__Given data__:
━━━

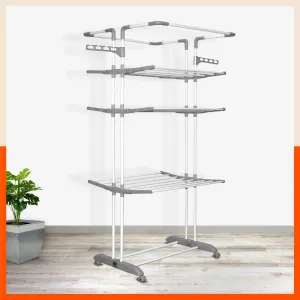 Bathla Mobidry Terra 4 Level Steel Modular Cloth Drying Stand For Home (Grey - Extra Large) Made in India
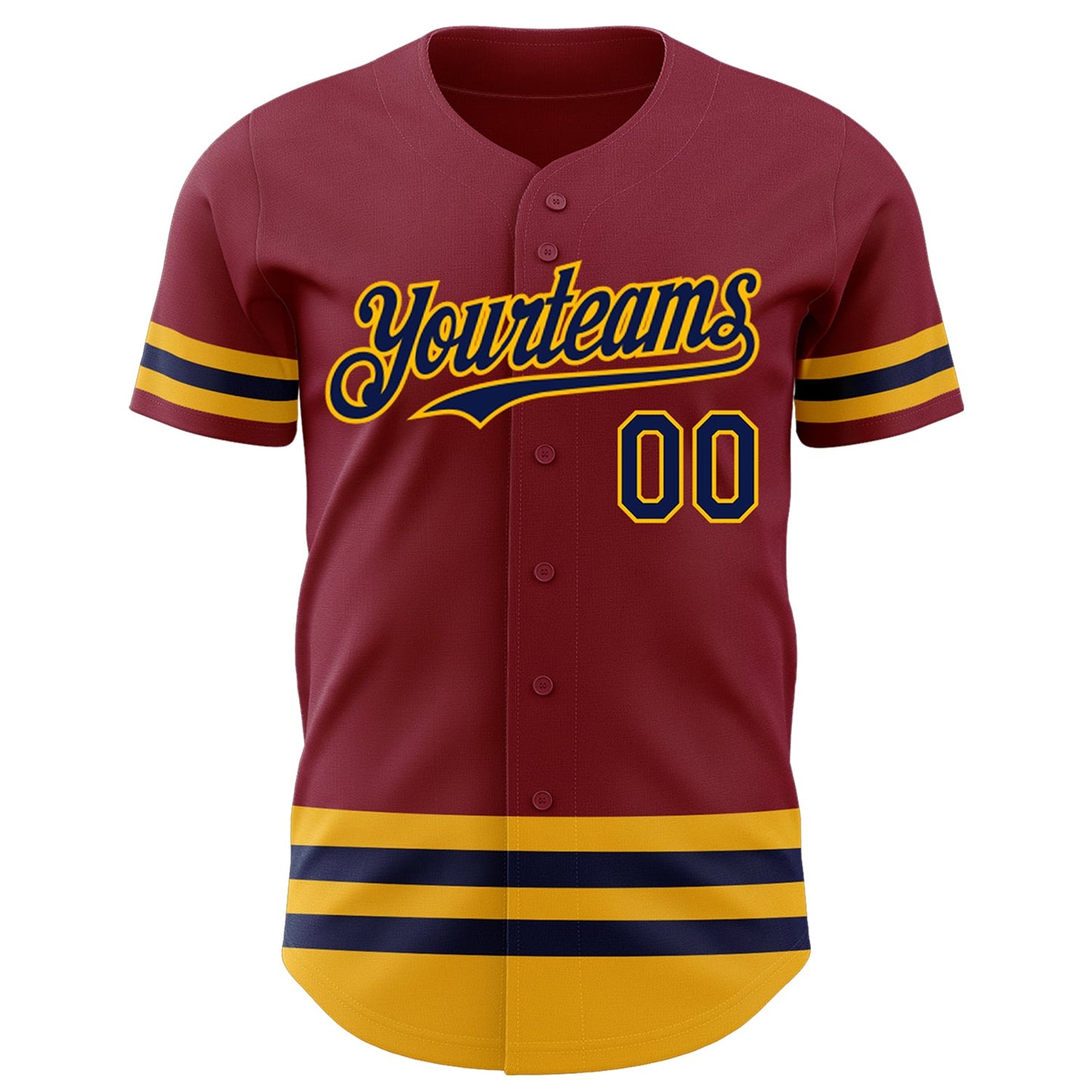 Custom Crimson Navy-Gold Line Authentic Baseball Jersey view 2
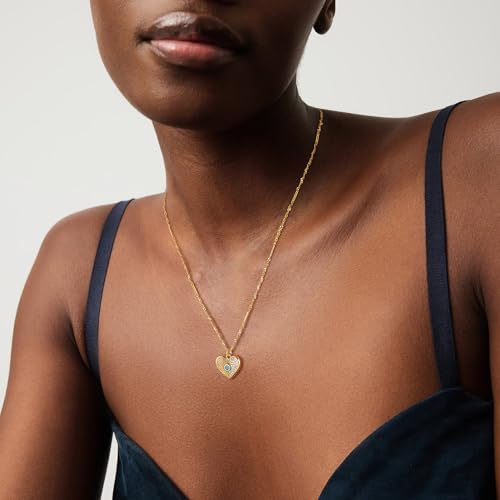 BENEIGE Gold Necklace for Women 14K Gold Plated CZ Heart Pendant Necklace Adjustable Chain Choker Charm Necklaces Jewelry Gifts - Thumbnail 2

━━━

__Exercise objective__:
Make an exact reproduction of the listing above, without any pictures.

__Solution__:
 Bathla Mobidry Terra 4 Level Steel Modular Cloth Drying Stand For Home (Grey - Extra Large) Made in India
 Custom Crimson Navy-Gold Line Authentic Baseball Jersey view 2
 BENEIGE Gold Necklace for Women 14K Gold Plated CZ Heart Pendant Necklace Adjustable Chain Choker Charm Necklaces Jewelry Gifts - Thumbnail 2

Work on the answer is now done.